It is called a free economy and we do better than all other models. 




Kimosabi said:


> He who owns the Gold, makes the rules.




Why?

No point having gold in a meltdown. 

I would prefer to have oil, wheat, water, whiskey, shelter, coffee, milk, ammo...


----------



## Jikx (11 June 2007)

Kimosabi said:


> Now do they teach you in macroeconomics just how money is created?




Yes they do, at least in simplistic form at Monash. The reserve bank buys bonds from the government (i.e prints it), and government spends it. Total increase in money supply is change in Mo (i.e amount printed) x 1/CRR, where CRR is the reserve ratio.

This increase in supply results in a decrease in interest rates (more money means you can borrow easer, and it's worth less), results in an increase in "investment" (i.e increase in asset prices), and finally feeds into inflation if we're not in the recessionary segment of the supply curve.

Probably not entirely correct, but it's only a first year subject.

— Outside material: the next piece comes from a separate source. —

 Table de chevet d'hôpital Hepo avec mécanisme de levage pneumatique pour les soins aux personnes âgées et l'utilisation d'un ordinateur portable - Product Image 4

So in essence, yes we're taught how money is created.


----------



## Jikx (11 June 2007)

BSD said:


> With the historically low inflation (created by the freeing of trade and markets in the '90s and the Asian economic boom) - why wouldn't money supply be booming in Australia?




Why isn't this increase in money supply resulting in inflation? I suspect it has something to do with most of it going into imports, hence the humongous current account deficit. And of course, for some reason, the Asian countries are quite happy to accept this printed money, which we use to buy their goods. Something crazy is going on !


----------



## BSD (11 June 2007)

Jikx said:


> Why isn't this increase in money supply resulting in inflation?
> 
> I suspect it has something to do with most of it going into imports, hence the humongous current account deficit. And of course, for some reason, the Asian countries are quite happy to accept this printed money, which we use to buy their goods. Something crazy is going on !




Productivity

Cheaper labour and cheaper debt

We have gone from closed economies to open economies

In the last 20 years we have gone from buying clothes, shoes, cars, household goods etc from unionised tariff protected manufacturers to workers in Asian/South America that are earning 1/10th the incomes but still being better off than before they had a job. 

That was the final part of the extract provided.